En montant dans ma voiture j’ai remarqué que le réservoir de carburant était vide. J’ai appelé mon mari pour lui demander conseil : « Puis-je aller faire le plein alors que je suis en quarantaine ? » Comme il a les clefs de ma voiture, j’espérais qu’il me proposerait de s’en charger pour moi. Mais ayant signalé à son travail que sa femme avait été testée positive à la covid-19, il était donc lui aussi, à l’isolement, tranquillement chez lui ! Quel sens du sacrifice !
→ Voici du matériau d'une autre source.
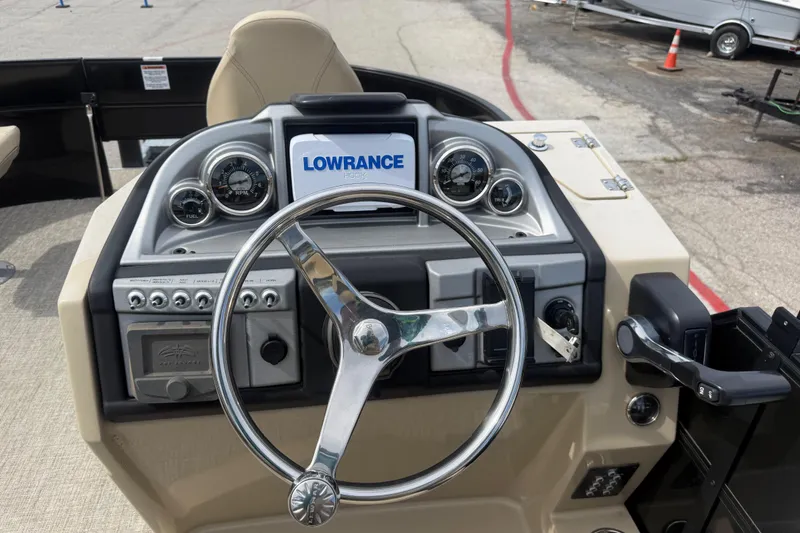 Slide: The Image of Steering console of 2023 Berkshire 20A CTS boat with Lowrance display and gauges. - 26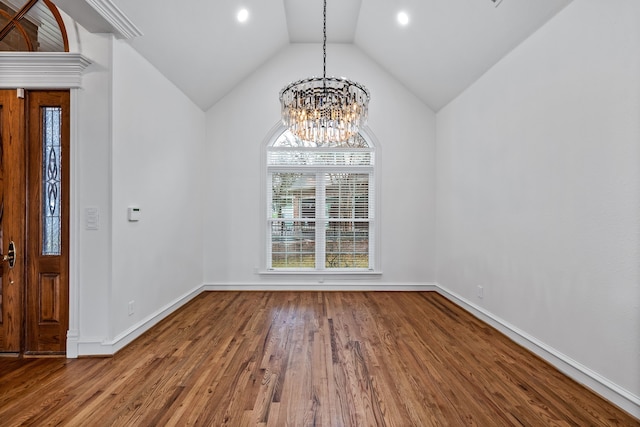 interior space with an inviting chandelier, hardwood / wood-style flooring, and vaulted ceiling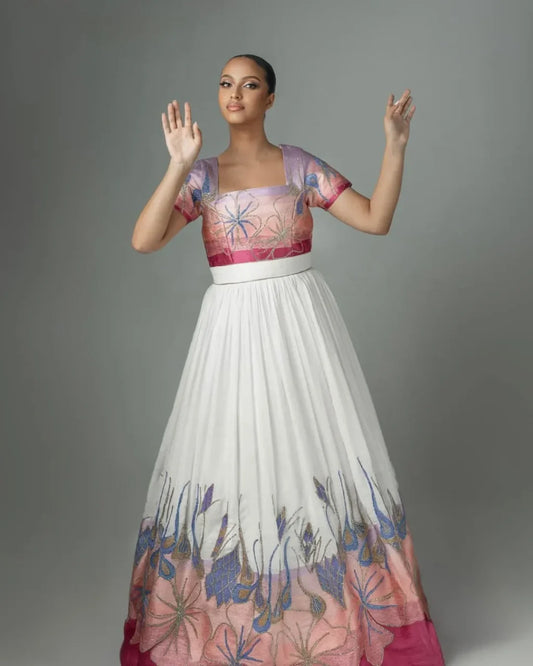 Elegant Unity A Contemporary Habesha Attire for Couples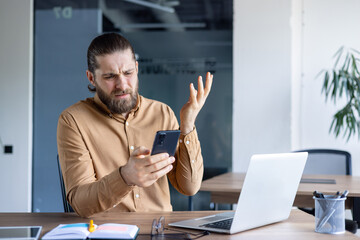 A frustrated man holds a smartphone, seemingly confused or exasperated while sitting at a desk. A...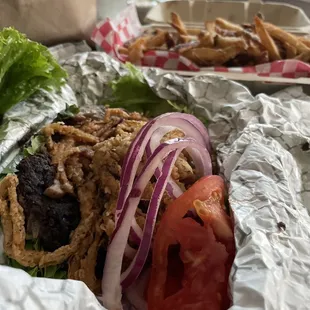 Black bean burger with fried onions, LTO and sautéed onions and mushrooms on lettuce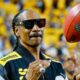 Snoop Dogg in Steelers jacket and throwing football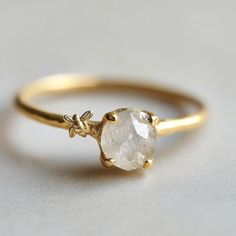 a gold ring with a white diamond in the middle and a tiny bee on it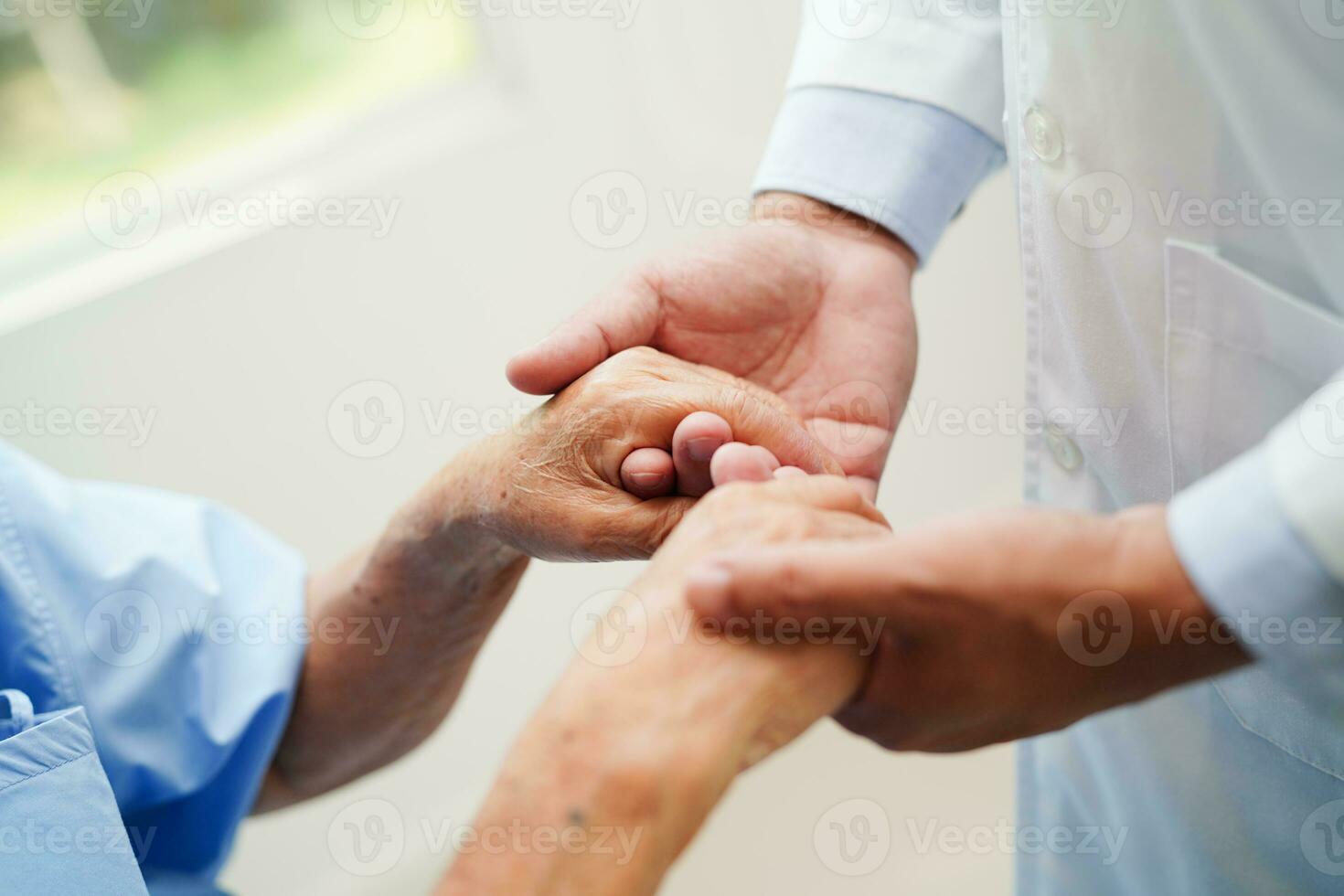 läkare håller händerna asiatisk äldre kvinna patient, hjälp och vård på sjukhus. foto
Le centre de dépistage était loin de chez moi, quelque part perdu dans une banlieue inconnue. Enfin arrivée, j'ai lu les informations affichées, par ennui. C'est là que j'ai découvert que je ne devais pas manger, boire ou me brosser les dents pendant au moins 2 heures avant de me faire tester. Dommage, je m'étais justement brossée les dents avant de venir. Nouvelle bouffée de stress !

 

L'humanité ? Parlons-en !  

Le lendemain, pendant que j'attendais impatiemment le résultat, je recevais des SMS et des appels me rappelant les règles de la quarantaine et l'obligation de télécharger l'application. C'était complètement absurde : j’étais tellement fatiguée que je n’avais absolument pas la force d’avoir une quelconque vie sociale. Je me suis demandée combien de personnes étaient mobilisées pour faire fonctionner ces services ? 

 

Ultime rebondissement : mon test est négatif ! Cependant, je n'ai pas été rassurée pour autant. Je me sentais toujours aussi mal, et en plus, je m’étais brossée les dents avant l'examen, ce qui a bien fait rire mon amie. C'est peut-être pour ça qu'elle aussi était « négative ».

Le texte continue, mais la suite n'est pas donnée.